The Wall Street Journal piece followed an announcement yesterday by the Commodity Futures Trading Commission (CFTC) that it is considering new measures to curb speculation in the markets for energy and other commodities to reduce the volatility of prices and protect consumers. The CFTC, the top regulator of U.S. commodities markets, would clamp down on excessive speculation in energy trading by restricting the holdings of big financial interests.  Although there has been no public announcement of collaboration between Sarkozy, Brown, and the Obama administration on this issue, the timing of the announcements suggests that the three leaders have agreed to coordinate their efforts.

CFTC chairman, Gary Gensler, said that the agency will hold hearings in the next few weeks to seek comments from consumers and market players on whether to set position limits on all commodity futures contracts.

Moves to curb speculation face resistance from top Wall Street firms, who fear regulation will cut into their profits. Regulators worry that these firms have already used their size and power to inflate the prices of commodities. When oil prices went through the roof last summer, CFTC data showed that a significant amount of oil trading was concentrated in the hands of just a few speculators.  Opponents of the proposed regulations also argue that they will reduce liquidity in the energy markets, thereby restricting trades.

Brown and Sarkozy are looking at both sides of the coin, arguing that extreme price volatility hurts everybody. “In Britain and France we know how the price of crude dictates the price of petrol at filling stations — and the effect it has on families and businesses. And for countries heavily reliant on income from oil exports, the windfalls from brief price surges are offset by the consequent difficulties of planning national budgets and investment strategies.”

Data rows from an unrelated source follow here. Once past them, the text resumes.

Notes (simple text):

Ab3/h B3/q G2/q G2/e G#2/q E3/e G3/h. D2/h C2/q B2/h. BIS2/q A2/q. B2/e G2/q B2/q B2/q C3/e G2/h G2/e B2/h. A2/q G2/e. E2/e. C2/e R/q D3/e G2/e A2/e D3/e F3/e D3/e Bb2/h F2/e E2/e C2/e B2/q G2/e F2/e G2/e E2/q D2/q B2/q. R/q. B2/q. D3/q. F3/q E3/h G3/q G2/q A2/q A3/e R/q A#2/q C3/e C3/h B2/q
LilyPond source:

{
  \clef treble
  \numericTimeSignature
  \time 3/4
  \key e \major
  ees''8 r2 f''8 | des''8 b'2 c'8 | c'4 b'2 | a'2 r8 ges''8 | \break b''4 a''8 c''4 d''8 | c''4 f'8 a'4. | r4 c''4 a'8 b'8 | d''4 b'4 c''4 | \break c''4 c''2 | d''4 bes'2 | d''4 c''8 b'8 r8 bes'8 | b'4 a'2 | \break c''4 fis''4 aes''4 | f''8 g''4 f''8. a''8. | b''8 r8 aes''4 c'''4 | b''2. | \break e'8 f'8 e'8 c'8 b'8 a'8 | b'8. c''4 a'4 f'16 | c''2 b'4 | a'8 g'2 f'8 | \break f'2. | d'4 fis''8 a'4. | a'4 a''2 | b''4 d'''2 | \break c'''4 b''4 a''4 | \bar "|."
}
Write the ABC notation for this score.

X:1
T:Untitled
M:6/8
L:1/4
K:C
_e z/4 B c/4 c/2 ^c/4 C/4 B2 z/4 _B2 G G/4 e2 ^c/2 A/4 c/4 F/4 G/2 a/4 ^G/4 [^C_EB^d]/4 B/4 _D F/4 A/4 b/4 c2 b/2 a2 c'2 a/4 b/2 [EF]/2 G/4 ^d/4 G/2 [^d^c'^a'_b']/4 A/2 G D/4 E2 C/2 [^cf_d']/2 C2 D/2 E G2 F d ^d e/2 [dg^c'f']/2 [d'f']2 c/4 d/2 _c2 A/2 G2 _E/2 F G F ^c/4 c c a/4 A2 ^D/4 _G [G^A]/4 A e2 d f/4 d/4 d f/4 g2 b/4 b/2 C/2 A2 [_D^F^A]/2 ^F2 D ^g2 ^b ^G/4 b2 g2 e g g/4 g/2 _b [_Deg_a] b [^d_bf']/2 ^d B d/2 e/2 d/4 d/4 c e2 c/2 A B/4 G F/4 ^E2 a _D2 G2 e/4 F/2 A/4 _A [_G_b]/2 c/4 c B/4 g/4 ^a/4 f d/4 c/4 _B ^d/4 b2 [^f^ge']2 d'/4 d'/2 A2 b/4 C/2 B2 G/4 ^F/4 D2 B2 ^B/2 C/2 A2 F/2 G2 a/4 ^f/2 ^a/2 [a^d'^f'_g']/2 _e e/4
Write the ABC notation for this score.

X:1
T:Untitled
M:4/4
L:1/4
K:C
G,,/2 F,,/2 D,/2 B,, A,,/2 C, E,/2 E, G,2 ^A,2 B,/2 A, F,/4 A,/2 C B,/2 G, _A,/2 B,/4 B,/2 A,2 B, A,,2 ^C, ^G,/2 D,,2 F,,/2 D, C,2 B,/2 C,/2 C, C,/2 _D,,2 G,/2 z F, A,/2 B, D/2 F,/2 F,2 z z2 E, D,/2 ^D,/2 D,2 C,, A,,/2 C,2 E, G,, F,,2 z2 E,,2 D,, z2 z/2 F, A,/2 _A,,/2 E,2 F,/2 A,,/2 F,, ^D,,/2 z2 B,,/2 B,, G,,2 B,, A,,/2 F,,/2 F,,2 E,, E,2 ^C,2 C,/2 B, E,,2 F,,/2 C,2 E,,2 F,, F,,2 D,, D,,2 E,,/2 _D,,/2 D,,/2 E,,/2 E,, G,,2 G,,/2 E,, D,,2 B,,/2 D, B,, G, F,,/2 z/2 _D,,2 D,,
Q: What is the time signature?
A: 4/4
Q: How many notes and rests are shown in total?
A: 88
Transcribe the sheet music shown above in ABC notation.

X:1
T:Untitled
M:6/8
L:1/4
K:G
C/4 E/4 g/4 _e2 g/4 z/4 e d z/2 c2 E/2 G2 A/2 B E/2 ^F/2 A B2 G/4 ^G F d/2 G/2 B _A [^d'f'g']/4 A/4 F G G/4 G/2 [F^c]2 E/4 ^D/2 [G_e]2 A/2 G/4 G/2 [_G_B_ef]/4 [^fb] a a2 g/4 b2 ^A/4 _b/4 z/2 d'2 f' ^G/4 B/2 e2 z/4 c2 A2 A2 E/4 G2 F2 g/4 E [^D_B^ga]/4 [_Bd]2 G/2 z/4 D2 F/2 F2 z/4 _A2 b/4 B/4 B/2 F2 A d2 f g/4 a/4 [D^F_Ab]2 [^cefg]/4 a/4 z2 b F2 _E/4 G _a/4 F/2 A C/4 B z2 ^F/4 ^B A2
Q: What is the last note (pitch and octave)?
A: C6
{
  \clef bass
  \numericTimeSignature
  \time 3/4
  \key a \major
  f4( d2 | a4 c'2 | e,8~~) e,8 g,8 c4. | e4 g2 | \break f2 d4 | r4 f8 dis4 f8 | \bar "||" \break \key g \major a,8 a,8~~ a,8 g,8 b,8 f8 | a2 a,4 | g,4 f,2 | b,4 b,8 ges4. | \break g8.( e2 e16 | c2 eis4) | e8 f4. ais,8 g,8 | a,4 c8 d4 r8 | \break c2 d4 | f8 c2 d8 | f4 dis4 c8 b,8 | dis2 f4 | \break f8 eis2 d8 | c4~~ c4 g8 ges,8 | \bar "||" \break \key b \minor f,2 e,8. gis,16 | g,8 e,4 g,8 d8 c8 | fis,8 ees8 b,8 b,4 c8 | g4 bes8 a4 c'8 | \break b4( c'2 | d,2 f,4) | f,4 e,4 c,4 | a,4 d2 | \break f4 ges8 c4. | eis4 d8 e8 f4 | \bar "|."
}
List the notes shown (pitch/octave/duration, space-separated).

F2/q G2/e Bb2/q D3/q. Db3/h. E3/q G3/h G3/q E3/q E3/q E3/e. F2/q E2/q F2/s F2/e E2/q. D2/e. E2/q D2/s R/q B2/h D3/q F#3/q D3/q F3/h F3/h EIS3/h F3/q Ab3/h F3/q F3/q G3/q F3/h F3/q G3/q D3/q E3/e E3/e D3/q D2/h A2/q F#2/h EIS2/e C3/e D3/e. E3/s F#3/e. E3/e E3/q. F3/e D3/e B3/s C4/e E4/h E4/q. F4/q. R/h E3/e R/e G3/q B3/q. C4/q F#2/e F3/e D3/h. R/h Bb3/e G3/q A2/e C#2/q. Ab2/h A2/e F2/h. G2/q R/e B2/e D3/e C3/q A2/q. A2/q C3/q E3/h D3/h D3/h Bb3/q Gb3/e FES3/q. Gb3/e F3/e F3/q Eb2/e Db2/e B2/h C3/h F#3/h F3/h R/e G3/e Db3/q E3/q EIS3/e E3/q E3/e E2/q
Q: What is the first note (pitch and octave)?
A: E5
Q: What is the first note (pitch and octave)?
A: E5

They point out that Saudi Arabia and the Organization of Petroleum Exporting Countries (OPEC) have expressed interest in stronger regulation as well.
“Extreme fluctuations in price are encouraging energy users to reconsider their reliance on oil,” they wrote. “Producers are in danger of finding out that oil is losing its market and its long-term value.” Oil prices, they argue, need to be neither too high, nor too low. Abnormally low prices provide short-term benefits but do long-term damage by diminishing incentives to invest not only in oil production but in alternative energy sources.
They believe the time is right for a worldwide consensus on oil pricing. “Producers and consumers are closer now than at any time in the past 30 years to recognizing the huge common interest in giving clear and stable signals to long-term investment,” they wrote.

With heads of state the UK and France (both powerful founding members of the European Union) in agreement with the US on the need for increased oversight of oil speculation, implementation of new regulations on US and international energy markets in the next few months is a pretty safe bet.